Whitten fought a 6-round out and out war with the top athletes from Great Britton, Australia and the United States.  And lost.  So narrowly, heartbreakingly, lost.

And perhaps most inexplicably, Pendrel, Canada’s most consistent performer, an athlete with a history of rising to the occasion at the biggest events- just had an off day.  It’s something ordinary in bike racing, something that happens at some point to everyone that has ever raced a bike.  At any race on any given day there is always one favourite that falls short.  Catherine lined up, and it just wasn’t her day.  Pendrel, who rose to the occasion four years ago in Beijing to finish 4th, and who has gone from strength to strength ever since, faded badly on the open exposed course in Hadleigh Field to come 9th.  At just about any other race, in any other year, Pendrel and her coach Dan Proulx could just call it an outlier and move on- but unfortunately it happened on a day that only comes every four years.

Jacques Landry, the head of Cycling Canada, gave some sage words afterwards when he told the media to remember that both Pendrel and Whitten are World Champions.  And remain champions.  Fans of Canadian cycling can take pride in the way our athletes fought through adversity.  Perhaps there was no better example of this than Zach Bell, who when clearly not in the form that he had hoped to be, and with his medal ambitions slipping through his fingers, chose to go on the attack rather than concede defeat.  His win in the scratch race did little to help his overall placing- but it spoke volumes to his character.
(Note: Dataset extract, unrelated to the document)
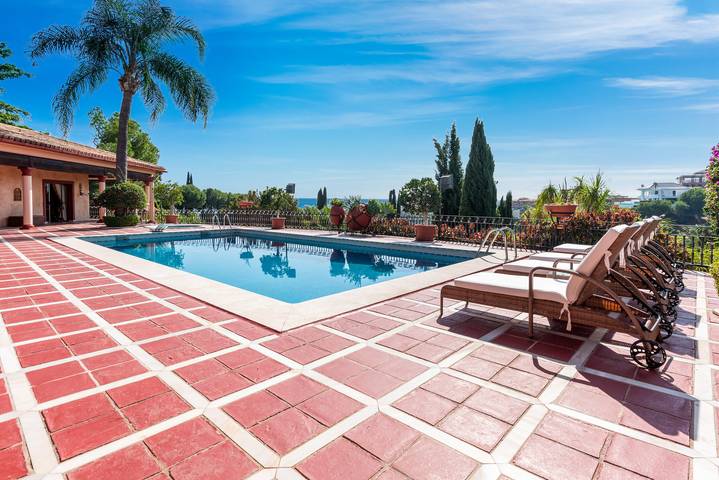 Villa Palm Ridge in Royal Flamingos Golf Resort, Benahavís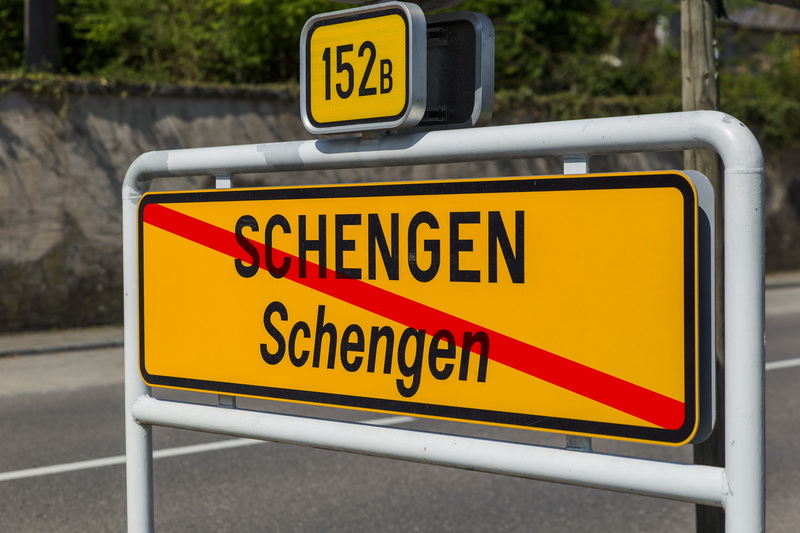 Opinia Mesagerului / Sta-v-ar Schengenu-n gât!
Monique Sullivan, in her own quite and unassuming way, did what Olympians should do.  She fought uphill for two years to even qualify a spot at these games, and when she got the opportunity to come and compete put together some of the best races she has ever had.  She combined the grit, tactics, speed and aggression needed to make the keirin final- and in doing so earned the right to line up as one of the fastest 6 women in the world on two wheels.  There was no medal for her at the end of the day- but in making the final she rose to the challenge and embodied the Olympic ideal.

From Atlanta to London

There is no doubt that Canadian cyclists performed better in Atlanta than London.  The medals alone tell that story.

But there is another story, one where in London we have changed the markers for how we wish to be measured.  While every medal in Atlanta seemed to come with a story of an upset ride from an underdog (with perhaps the exception of Curt Harnett in the men’s sprint) Canada came to London hungry for more.  Results that had previously been seen as successes were seen as failures.  On the track Canada fielded riders in six events and were competitive in five.

We had riders that could win, and they were justifiably upset when they did not.

They were well supported, by systematic work that was done behind the scenes in the year leading up to the games to help ensure our riders had the best possible environments to perform.  Geoff Kabush, in riding to 8th place and Canada’s best ever men’s cross country results thanked Dan Proulx and the rest of the staff that made it possible.  Kabush has a pretty good frame of reference when it comes to Olympic performances. He set the previous benchmark twelve years ago in Sydney when he was 9th.

No where is this transformation seen more clearly than in the even where we did medal- in the inaugural Women’s Team Pursuit.  Four years ago when it was announced that this event would be included in the Olympics, key individuals chose to focus on it as an avenue for a medal.  A plan was laid out.  And it was followed up with training camps, a base in Los Angeles, added staff including physiotherapists and nutritionists, trips to the wind tunnel and efforts to procure the best equipment available.  And it paid dividends with a shinning set of bronze medals for three talented athletes. 

And in this lies the road to Rio- Canadian Cycling needs start planning now (other Nation’s already have), follow through and perhaps most importantly procure funding for it all.

And hopefully, somewhere in Canada, young kids have seen the efforts of Catherine, Monique, Zach, Tara and Geoff and through to themselves that just maybe one day they themselves can win.